Twenty-two Canadians died as a result of the listeriosis crisis caused by Maple Leaf Foods in Toronto.

Ottawa (7 June 2010) - Little has changed in Canada in terms of keeping the country's food supply safer in the wake of the 2008 listeriosis outbreak at Maple Leaf Foods in Toronto.

Although Canada edged up one spot to fourth place from fifth in the 2010 Food Safety Performance World Ranking, the improvement is more a reflection of deteriorating standards in a number of other countries rather than improvement at home, says a food policy expert at the University of Regina.

"Basically, Canada has moved up one because some have actually moved down," concludes Sylvain Charlebois, associate director of the university's graduate school of public policy.

Denmark, Australia and the United Kingdom were ranked at the top among 17 countries included in the stuty.
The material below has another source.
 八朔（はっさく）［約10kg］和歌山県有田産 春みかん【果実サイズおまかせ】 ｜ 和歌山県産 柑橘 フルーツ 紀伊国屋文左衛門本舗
Italy, France and Ireland were at the bottom.

"My sense is that many countries do have a lot of work to do, but when you compare Canada with everyone else, Canada does quite well," Charlebois told CanWest News.

Since the last rankings were published in 2008, Canada's food safety system was shaken by the 2008 listeriosis outbreak in which 22 Canadians, mostly elderly living in long-term care facilities, died after consuming tainted deli meats produced at a federally-regulated plant run by Maple Leaf Foods.

Ottawa committed $75 million in the wake of the outbreak to implement the recommendations for improvement. The Canadian Food Inspection Agency (CFIA) has also spent a portion of a $113-million pool of money committed in 2008 to improve food and consumer safety through a food and consumer safety action plan.